WHAT TO DO:
Only the lines from the one containing "PORCELAINE DE SAXE" through the end of the material are to be echoed, each exactly as it appears.
┄┄┄┄┄┄┄┄┄┄
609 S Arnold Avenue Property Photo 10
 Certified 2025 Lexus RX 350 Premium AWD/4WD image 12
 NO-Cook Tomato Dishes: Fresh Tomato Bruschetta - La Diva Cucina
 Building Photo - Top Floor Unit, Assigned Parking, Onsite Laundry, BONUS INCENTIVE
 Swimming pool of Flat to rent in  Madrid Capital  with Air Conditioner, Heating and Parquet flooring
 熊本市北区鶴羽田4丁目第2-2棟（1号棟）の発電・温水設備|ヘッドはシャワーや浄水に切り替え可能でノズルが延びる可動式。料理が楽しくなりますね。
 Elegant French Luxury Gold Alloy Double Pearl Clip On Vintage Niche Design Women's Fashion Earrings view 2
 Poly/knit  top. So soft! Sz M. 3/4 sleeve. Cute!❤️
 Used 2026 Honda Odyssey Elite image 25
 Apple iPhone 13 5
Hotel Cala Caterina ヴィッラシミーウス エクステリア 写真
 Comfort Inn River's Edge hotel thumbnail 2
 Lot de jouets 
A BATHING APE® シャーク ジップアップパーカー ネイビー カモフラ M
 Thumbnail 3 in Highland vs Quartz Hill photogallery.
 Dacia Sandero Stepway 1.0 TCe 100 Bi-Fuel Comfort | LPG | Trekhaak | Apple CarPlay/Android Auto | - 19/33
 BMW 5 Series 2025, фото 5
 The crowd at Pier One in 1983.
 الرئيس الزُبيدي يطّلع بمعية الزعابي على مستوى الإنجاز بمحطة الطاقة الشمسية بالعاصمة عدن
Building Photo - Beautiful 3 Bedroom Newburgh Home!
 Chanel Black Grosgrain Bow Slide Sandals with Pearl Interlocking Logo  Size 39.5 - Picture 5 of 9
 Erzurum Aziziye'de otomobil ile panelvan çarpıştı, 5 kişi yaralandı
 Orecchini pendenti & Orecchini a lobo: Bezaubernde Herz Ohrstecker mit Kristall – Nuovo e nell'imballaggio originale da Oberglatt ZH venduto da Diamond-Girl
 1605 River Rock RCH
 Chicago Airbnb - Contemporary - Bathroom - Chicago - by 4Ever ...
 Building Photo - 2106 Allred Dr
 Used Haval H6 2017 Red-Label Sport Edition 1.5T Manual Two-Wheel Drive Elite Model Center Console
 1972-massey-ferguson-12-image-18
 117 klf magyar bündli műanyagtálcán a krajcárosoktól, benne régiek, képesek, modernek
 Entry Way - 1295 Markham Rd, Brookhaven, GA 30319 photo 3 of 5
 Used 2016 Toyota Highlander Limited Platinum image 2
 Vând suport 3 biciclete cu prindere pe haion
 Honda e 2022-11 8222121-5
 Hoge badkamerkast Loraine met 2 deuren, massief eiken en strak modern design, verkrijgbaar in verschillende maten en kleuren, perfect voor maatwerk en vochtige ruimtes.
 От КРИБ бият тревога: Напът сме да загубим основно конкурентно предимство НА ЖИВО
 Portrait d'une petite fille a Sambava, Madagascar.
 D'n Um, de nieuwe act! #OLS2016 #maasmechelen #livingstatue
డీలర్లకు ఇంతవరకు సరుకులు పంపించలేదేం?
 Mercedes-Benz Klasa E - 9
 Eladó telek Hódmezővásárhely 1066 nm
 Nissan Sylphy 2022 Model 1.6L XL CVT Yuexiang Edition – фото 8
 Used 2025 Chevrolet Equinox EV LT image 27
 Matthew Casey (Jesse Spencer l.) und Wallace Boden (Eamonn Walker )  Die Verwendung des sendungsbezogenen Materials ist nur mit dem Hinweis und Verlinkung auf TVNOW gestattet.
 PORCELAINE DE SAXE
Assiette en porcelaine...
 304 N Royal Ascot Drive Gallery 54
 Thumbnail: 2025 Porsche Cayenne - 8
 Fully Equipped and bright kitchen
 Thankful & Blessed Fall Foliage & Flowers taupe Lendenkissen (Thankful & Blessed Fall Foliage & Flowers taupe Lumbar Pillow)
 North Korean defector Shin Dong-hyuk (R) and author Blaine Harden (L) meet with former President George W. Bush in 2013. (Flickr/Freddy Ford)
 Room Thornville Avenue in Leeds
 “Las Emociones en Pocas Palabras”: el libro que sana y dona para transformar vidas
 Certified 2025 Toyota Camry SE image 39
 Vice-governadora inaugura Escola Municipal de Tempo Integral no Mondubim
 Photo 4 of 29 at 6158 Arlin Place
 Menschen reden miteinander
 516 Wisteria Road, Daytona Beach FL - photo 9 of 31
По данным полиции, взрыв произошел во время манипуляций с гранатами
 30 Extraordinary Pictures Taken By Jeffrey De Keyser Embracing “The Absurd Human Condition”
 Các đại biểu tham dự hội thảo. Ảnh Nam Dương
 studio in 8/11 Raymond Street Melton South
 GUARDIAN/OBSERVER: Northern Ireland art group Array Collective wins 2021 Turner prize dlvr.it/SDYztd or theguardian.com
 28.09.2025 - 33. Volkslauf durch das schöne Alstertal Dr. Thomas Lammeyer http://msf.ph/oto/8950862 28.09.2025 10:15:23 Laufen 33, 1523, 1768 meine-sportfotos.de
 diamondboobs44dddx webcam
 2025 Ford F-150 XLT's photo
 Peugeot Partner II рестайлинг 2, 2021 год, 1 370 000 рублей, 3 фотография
┄┄┄┄┄┄┄┄┄┄
OUTPUT:
 PORCELAINE DE SAXE
Assiette en porcelaine...
 304 N Royal Ascot Drive Gallery 54
 Thumbnail: 2025 Porsche Cayenne - 8
 Fully Equipped and bright kitchen
 Thankful & Blessed Fall Foliage & Flowers taupe Lendenkissen (Thankful & Blessed Fall Foliage & Flowers taupe Lumbar Pillow)
 North Korean defector Shin Dong-hyuk (R) and author Blaine Harden (L) meet with former President George W. Bush in 2013. (Flickr/Freddy Ford)
 Room Thornville Avenue in Leeds
 “Las Emociones en Pocas Palabras”: el libro que sana y dona para transformar vidas
 Certified 2025 Toyota Camry SE image 39
 Vice-governadora inaugura Escola Municipal de Tempo Integral no Mondubim
 Photo 4 of 29 at 6158 Arlin Place
 Menschen reden miteinander
 516 Wisteria Road, Daytona Beach FL - photo 9 of 31
По данным полиции, взрыв произошел во время манипуляций с гранатами
 30 Extraordinary Pictures Taken By Jeffrey De Keyser Embracing “The Absurd Human Condition”
 Các đại biểu tham dự hội thảo. Ảnh Nam Dương
 studio in 8/11 Raymond Street Melton South
 GUARDIAN/OBSERVER: Northern Ireland art group Array Collective wins 2021 Turner prize dlvr.it/SDYztd or theguardian.com
 28.09.2025 - 33. Volkslauf durch das schöne Alstertal Dr. Thomas Lammeyer http://msf.ph/oto/8950862 28.09.2025 10:15:23 Laufen 33, 1523, 1768 meine-sportfotos.de
 diamondboobs44dddx webcam
 2025 Ford F-150 XLT's photo
 Peugeot Partner II рестайлинг 2, 2021 год, 1 370 000 рублей, 3 фотография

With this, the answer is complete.